What Are Other Natural Options for BV?

Probiotics

  • Oral or vaginal strains like Lactobacillus crispatus and L. rhamnosus may help restore vaginal health20.
  • Evidence is mixed, but some supplements may support recurrence prevention.

Hydrogen Peroxide

  • Naturally produced by healthy vaginal bacteria, but commercial douching is not recommended.

Tea Tree Oil

  • Antimicrobial in lab studies, but high risk of irritation. Clinical evidence is lacking.

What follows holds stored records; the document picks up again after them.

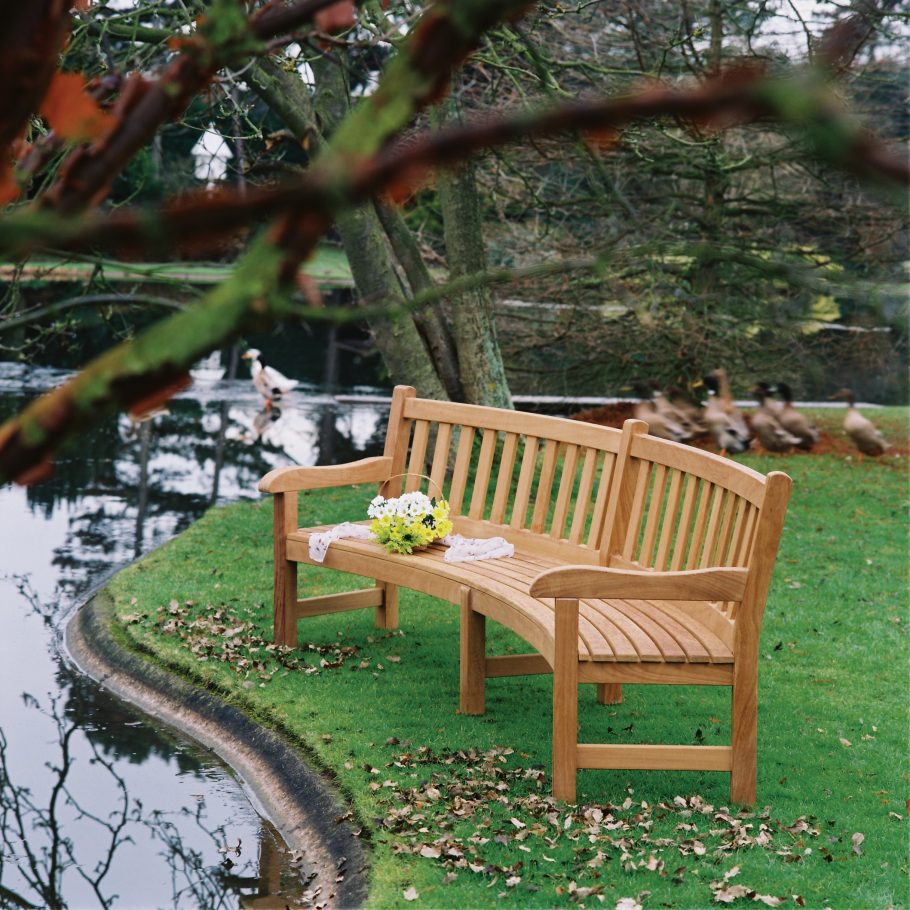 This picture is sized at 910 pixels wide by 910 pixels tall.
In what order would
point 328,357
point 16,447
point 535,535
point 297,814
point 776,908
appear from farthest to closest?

Other Home Remedies and Supplements

  • Apple cider vinegar, yogurt, garlic, and vitamin C are commonly used, but data is weak and misuse can worsen symptoms.

 

When to See a Healthcare Provider

See a clinician if:

  • Symptoms persist beyond 7–10 days
  • You experience pain, fever, or abnormal bleeding
  • You’re pregnant or immunocompromised
  • You’ve had multiple sexual partners or suspect an STI

BV symptoms (e.g., vaginal discharge, vaginal odor, itching) often resemble sexually transmitted infections like chlamydia or gonorrhea. Untreated BV can increase the risk of STIs and complications like pelvic inflammatory disease21.

The Centers for Disease Control and Prevention (CDC) emphasizes testing and proper diagnosis to ensure appropriate care.

 

BV can flare during hormonal changes, so women in menopause should also consult their provider if they experience persistent symptoms.

 

The Bottom Line – Is Boric Acid Right for You?

Boric acid is not a first-line therapy to treat BV, but it is a clinically supported option—especially for women dealing with recurrent infections. While not FDA-approved, it’s used widely by OB/GYNs and supported by promising research.

If you’re not pregnant, have normal kidney function, and are under the care of a medical provider, boric acid may help restore your vaginal microbiome and prevent future infections.

 

How Happy V Supports Vaginal Health

Want real results—not just short-term relief? Try Happy V’s doctor-formulated boric acid suppositories and targeted probiotics for total vaginal support.

Explore Our BV Relief Kit →

At Happy V, we believe science-backed solutions should be gentle, effective, and transparent. That’s why our approach to BV includes both clinically dosed boric acid vaginal suppositories and targeted probiotics to help rebalance your vaginal flora from the inside out.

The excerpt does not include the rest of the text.